Wednesday, September 10, 2008

The Secret Betrayal

As a history teacher, I strive to project the human element in his-story to all my students. It is easy to forget, when students read about nations and treaties, that these mighty decisions often taken in a nice comfortable office between powerful (and distant) men, have a profound influence on the lives of normal human beings.

A good example is the Yalta Conference. We all know that it was signed in Feb 1945, towards the final days of the war, between the Big 3- President Truman of the USA, the British Bulldog PM Winston Churchill, and the ever so steely Stalin of the USSR. We have all read the textbooks and memorized the facts and terms- the allocation of post war Occupation Zones, the return of territories back to their original masters, the free elections to be held in all territories (we know of course with hindsight that the USSR never intended to follow this), the reparations of all civilians and soldiers. On paper, it is bland, mundane, words inked into paper. Political significance, of course. Nothing more.

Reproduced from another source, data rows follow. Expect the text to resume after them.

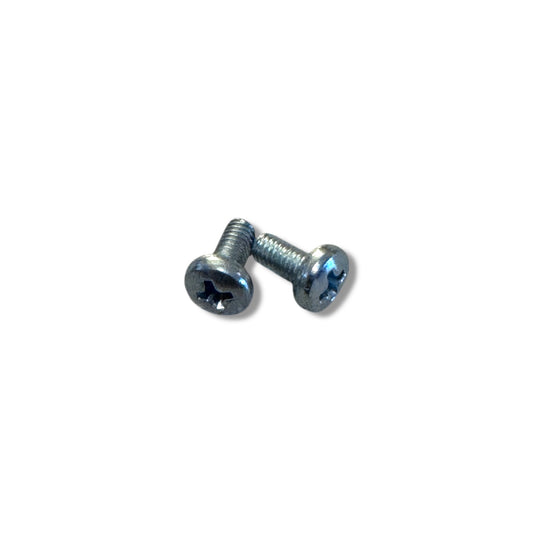 Charge Port Screws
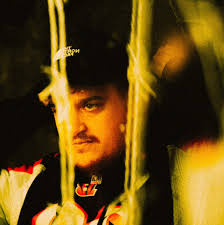 Today is your last chance to pick something up as pre-orders will be taken  down midnight tonight!!! LAST CHANCE:  https://monasteriesofficial.bigcartel.com/ To those who have already got  something thank you so much for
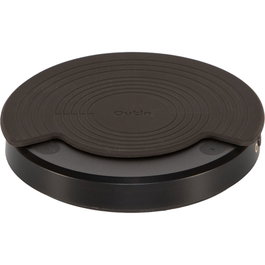 OutIn Claro Coffee Scale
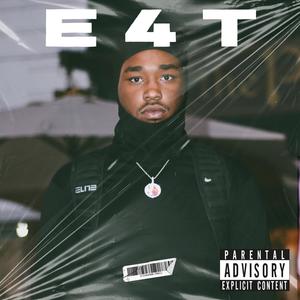 E4T (Explicit)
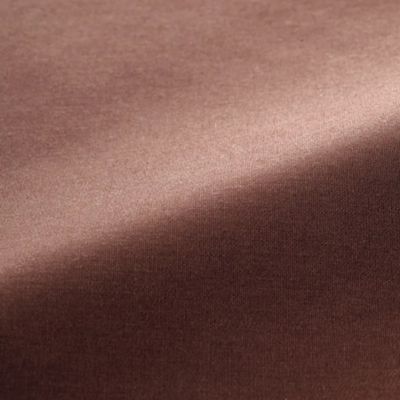 西川/ニシカワ ボーテ 健康マットレス専用ノンゴムシーツ(PK05540076) チャイロ 【三越伊勢丹/公式】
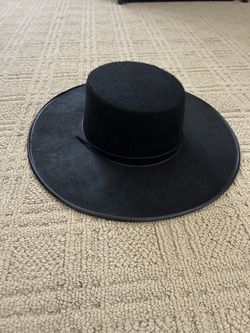 Halloween Hat / Mask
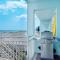 White Sands 459 - Pensacola Beach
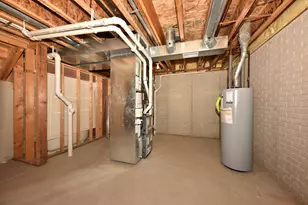 1014 Algoma Dr, Port Washington, WI 53074 - Photo 37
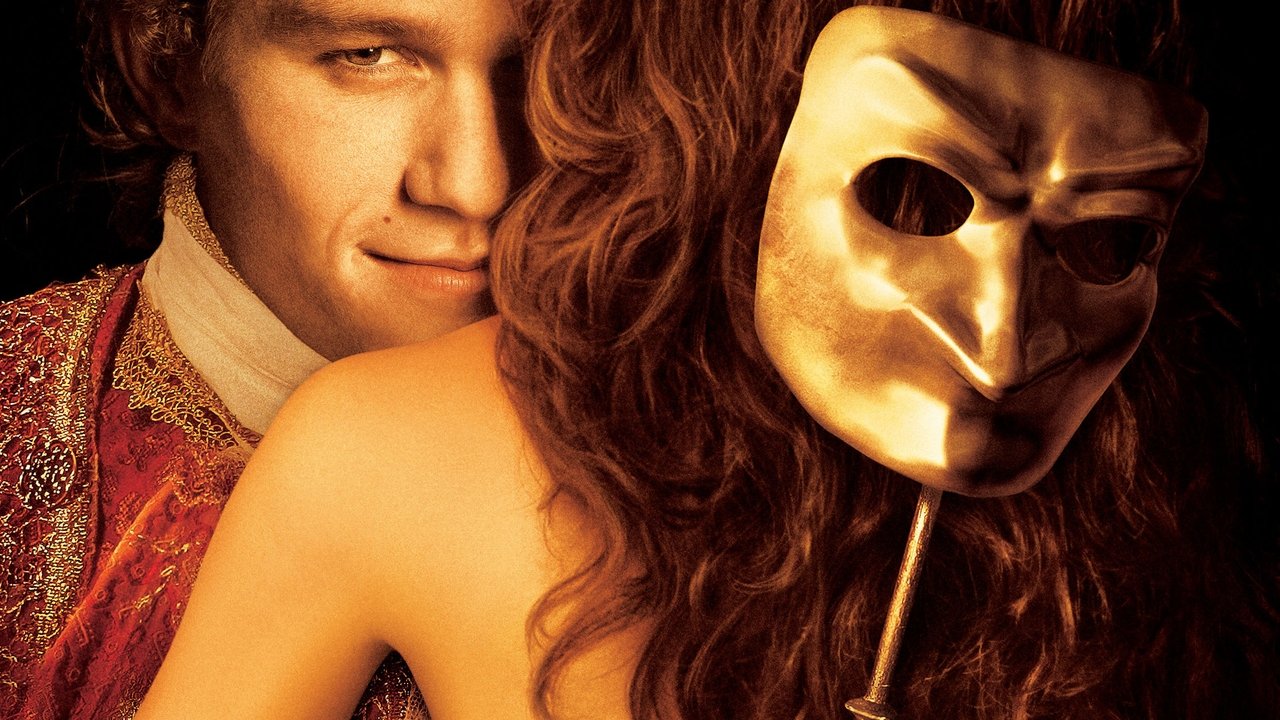 Backdrop image for movie Casanova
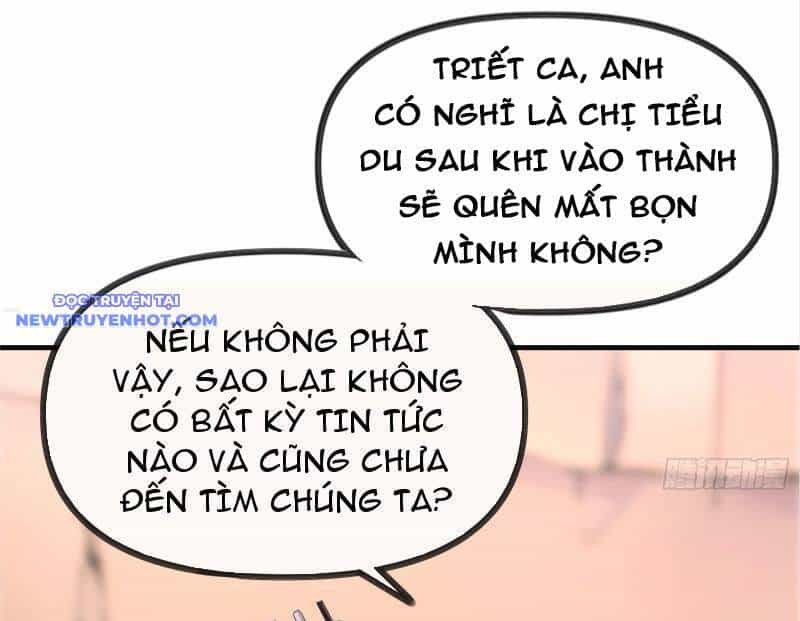 Mạt Thế Chi Đỉnh, Đối Kháng Với Quái Dị Cấp Diệt Thế! - Chương 1 - ảnh 224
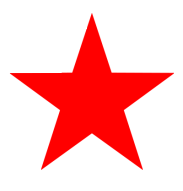 HEIN_logo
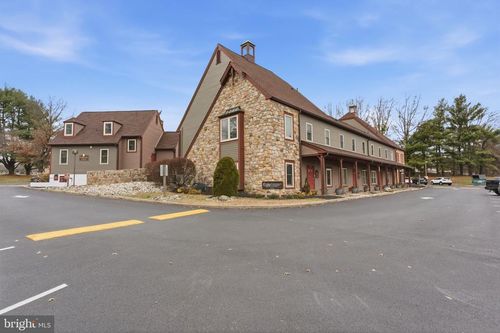 ste-306-95 Almshouse Rd, RICHBORO, PA, 18954-1156 | Card Image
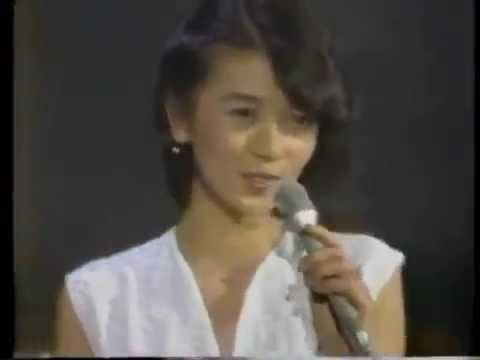 Midori Kinouchi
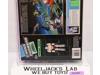Megatron Action Master AFA GRADED 80 G1 Transformers 1990 Hasbro Tape Sealed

But we sometimes forget the human element. This Yalta Conference would have severe, and fatal, repercussions on many lives. The most famous would be the Betrayal of the Cossacks at Lienz, Austria, May 1945. According to the decision at Yalta, the cossacks, and similar minorities, would be repatriated to Russia. The Cossacks were never part of the the Soviet Union. Often followers of the Tsar, they fled the Communist regime to settle on the borders of Eastern Europe. They joined the German Army in 1942, to fight against the Soviets and establish a new republic. With the Yalta Conference, they are deemed to be citizens of the USSR and would be forcibly returned to the Communists.

The British entered Lienz and requested that the 2,700 Cossacks located in the town attend a conference. The Coassacks were assured that this would be a conference. However, they were forcibly loaded into trucks to be sent across to the Soviets.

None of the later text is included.